Embora a teoria política que chamo protecionismo não se ligue a qualquer dessas tendências, embora seja ela fundamentalmente uma teoria liberal, creio que o nome pode ser empregado para indicar que, liberal embora, nada tem ela a ver com a política da estrita não-intervenção (muitas vezes, mas não de todo corretamente, denominada “laissez faire”).
Liberalismo e interferência do estado não se opõem mutuamente. Ao contrário, qualquer espécie de liberdade será claramente impossível se não for assegurada pelo Estado. Certo grau de controle do estado é necessário, por exemplo, na educação, para que os jovens sejam protegidos de uma negligência que os tornaria incapazes de defender sua liberdade,  o Estado deve cuidar de que todas as facilidades educacionais estejam ao alcance de todos. Demasiado controle do estado em qüestões educacionais, porém, é um perigo fatal para a liberdade, pois deve levar à doutrinação.

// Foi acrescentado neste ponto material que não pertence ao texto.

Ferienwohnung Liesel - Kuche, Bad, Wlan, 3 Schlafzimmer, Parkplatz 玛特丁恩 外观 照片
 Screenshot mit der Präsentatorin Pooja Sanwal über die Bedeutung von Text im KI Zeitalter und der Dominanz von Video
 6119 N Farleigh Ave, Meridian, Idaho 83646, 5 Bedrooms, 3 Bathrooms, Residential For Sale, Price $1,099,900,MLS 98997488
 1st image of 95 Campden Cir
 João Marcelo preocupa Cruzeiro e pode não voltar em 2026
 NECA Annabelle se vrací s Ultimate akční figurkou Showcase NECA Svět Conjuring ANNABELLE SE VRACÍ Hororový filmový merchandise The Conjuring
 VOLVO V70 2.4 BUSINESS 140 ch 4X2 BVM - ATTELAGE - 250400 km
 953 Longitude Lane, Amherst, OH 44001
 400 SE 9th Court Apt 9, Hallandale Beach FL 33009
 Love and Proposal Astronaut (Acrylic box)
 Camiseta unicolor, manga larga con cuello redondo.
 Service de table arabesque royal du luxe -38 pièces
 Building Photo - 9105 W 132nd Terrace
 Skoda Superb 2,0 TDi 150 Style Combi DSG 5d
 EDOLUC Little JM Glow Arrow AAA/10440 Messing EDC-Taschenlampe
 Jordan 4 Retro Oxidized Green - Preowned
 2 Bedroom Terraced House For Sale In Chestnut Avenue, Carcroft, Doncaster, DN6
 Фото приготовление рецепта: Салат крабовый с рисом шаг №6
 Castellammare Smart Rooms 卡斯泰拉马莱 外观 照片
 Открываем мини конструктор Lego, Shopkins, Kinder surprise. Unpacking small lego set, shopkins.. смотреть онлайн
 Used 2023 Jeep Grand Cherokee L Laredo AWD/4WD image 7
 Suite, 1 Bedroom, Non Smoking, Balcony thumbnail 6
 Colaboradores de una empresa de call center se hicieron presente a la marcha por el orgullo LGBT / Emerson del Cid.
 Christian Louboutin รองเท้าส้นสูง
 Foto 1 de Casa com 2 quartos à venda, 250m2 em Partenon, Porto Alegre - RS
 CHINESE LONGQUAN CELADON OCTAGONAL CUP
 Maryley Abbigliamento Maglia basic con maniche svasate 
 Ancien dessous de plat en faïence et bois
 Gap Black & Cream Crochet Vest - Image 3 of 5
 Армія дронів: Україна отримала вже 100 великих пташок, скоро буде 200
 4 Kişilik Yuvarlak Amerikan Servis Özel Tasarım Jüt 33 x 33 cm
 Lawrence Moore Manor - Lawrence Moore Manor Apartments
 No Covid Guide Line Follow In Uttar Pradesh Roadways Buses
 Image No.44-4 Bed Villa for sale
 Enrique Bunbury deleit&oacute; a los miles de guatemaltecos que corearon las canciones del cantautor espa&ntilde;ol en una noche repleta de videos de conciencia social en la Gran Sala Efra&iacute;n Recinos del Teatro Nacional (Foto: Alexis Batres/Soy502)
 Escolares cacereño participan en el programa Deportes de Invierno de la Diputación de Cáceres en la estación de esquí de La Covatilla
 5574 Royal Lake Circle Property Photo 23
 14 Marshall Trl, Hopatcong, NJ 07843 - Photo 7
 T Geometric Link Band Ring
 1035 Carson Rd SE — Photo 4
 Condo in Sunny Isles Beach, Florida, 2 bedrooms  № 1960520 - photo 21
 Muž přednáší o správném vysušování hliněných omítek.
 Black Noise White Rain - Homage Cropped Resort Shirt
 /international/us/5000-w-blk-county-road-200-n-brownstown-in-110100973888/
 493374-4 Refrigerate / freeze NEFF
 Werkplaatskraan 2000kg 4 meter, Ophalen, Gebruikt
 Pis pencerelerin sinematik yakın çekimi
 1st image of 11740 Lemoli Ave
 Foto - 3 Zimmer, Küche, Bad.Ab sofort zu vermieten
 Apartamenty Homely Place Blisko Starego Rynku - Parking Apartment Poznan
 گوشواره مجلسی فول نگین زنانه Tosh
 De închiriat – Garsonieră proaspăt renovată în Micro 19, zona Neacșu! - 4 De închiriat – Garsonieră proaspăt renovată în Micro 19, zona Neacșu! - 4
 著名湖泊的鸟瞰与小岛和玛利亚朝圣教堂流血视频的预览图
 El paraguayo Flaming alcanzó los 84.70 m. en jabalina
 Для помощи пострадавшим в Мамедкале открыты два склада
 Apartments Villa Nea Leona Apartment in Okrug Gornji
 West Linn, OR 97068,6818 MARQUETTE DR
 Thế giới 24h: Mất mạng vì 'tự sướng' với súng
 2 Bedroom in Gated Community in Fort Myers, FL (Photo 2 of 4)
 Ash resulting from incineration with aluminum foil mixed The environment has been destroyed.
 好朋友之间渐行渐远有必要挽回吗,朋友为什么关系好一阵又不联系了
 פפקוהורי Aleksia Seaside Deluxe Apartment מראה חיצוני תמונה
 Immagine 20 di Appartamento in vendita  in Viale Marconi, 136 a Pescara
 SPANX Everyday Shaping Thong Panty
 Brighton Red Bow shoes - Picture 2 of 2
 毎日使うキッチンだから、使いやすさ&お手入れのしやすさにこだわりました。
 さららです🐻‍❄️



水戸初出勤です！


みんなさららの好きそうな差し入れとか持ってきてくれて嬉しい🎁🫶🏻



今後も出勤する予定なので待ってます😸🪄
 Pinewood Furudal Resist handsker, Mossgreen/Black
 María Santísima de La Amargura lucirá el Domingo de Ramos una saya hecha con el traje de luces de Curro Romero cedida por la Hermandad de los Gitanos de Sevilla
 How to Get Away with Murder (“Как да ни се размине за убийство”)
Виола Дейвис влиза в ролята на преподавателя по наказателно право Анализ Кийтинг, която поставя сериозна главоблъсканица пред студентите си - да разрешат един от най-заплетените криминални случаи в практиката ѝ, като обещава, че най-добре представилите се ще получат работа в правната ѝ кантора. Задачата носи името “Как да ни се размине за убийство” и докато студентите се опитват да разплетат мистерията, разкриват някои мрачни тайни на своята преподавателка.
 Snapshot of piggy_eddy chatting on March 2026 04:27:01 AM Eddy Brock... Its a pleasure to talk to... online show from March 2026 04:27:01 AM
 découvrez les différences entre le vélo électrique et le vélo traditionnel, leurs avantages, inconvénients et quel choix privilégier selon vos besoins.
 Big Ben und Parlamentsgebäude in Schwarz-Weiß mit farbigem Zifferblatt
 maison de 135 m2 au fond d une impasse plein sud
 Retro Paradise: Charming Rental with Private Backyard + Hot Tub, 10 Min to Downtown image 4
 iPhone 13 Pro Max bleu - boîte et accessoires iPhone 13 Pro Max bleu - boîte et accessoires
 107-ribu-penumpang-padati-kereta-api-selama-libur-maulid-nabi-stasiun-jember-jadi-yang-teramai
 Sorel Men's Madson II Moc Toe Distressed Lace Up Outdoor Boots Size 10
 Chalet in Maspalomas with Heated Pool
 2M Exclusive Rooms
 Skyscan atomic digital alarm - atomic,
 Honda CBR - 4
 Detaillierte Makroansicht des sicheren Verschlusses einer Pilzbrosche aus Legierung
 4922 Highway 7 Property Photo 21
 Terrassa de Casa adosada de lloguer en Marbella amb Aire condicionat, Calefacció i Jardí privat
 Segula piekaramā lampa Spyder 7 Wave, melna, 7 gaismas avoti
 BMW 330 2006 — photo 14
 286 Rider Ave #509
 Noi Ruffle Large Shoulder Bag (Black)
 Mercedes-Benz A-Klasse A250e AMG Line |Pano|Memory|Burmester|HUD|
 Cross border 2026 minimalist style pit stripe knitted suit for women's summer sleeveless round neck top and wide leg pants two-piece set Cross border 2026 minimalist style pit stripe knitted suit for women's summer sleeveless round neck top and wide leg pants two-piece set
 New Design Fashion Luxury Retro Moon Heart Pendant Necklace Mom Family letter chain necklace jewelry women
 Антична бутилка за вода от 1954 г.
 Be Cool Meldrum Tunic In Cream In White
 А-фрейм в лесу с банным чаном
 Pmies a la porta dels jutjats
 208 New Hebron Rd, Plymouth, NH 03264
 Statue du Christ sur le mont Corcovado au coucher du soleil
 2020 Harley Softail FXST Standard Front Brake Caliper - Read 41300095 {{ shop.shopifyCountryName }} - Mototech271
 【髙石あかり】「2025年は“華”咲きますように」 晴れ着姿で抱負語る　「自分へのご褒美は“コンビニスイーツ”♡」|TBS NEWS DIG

Como já antes indicamos, a importante e difícil questão das limitações da liberdade não se pode resolver mediante uma fórmula seca e cortante. E o fato de sempre haver casos fronteiriços, longe de assustar-nos, deve converter-se em mais uma coluna de nossa posição, visto como, sem o estímulo dos problemas políticos e das lutas desse tipo, a presteza dos cidadãos em lutarem por sua liberdade logo desapareceria e, com ela, a própria liberdade.
(Encarado a esta luz, o suposto choque entre liberdade e segurança, isto é, uma segurança garantida pelo Estado, surge como uma quimera. De fato, não há liberdade se não for assegurada pelo Estado; e inversamente só um Estado controlado por cidadãos livres pode oferecer alguma segurança razoável.)
Assim exposta, a teoria protecionista do Estado acha-se liberta de quaisquer elementos de historicismo ou essencialismo. Não diz que o Estado se originou como uma associação de indivíduos com uma finalidade protecionista, ou que qualquer Estado existente na história tenha sido conscientemente governado com esse alvo em vista. E nada diz a respeito da natureza essencial do Estado, ou acerca de um direito natural à liberdade. Nada também diz sobre o modo pelo qual o Estado efetivamente funciona. Formula uma exigência política, ou, mais precisamente, uma proposição para a adoção de determinada política.
Suspeito, porém, de que muitos convencionalistas que descreveram o Estado como originando-se de uma associação para a proteção de seus membros pretenderam expressar essa própria exigência, embora o fizessem em linguagem desajeitada e confusa — a linguagem do historicismo. Maneira similar e confusa de exprimir essa exigência é asseverar que, essencialmente, a função do Estado é proteger os seus membros, ou afirmar que o Estado se define como uma associação de proteção mútua. Todas essas teorias devem ser traduzidas, por assim dizer, para a linguagem de exigências e proposições de ações políticas, antes de poderem ser discutidas seriamente. De outro modo, serão inevitáveis discussões infindáveis, de caráter meramente verbal.
(POPPER, Karl Raimund. A sociedade aberta e seus inimigos: o fascínio de Platão. v. 1. Coleção Espírito do nosso tempo. Trad. Milton Amado. Belo Horizonte: Itatiaia; São Paulo: Editora da Universidade de São Paulo, 1974. p. 126-127) [destaques em itálico no original; destacamos em negrito].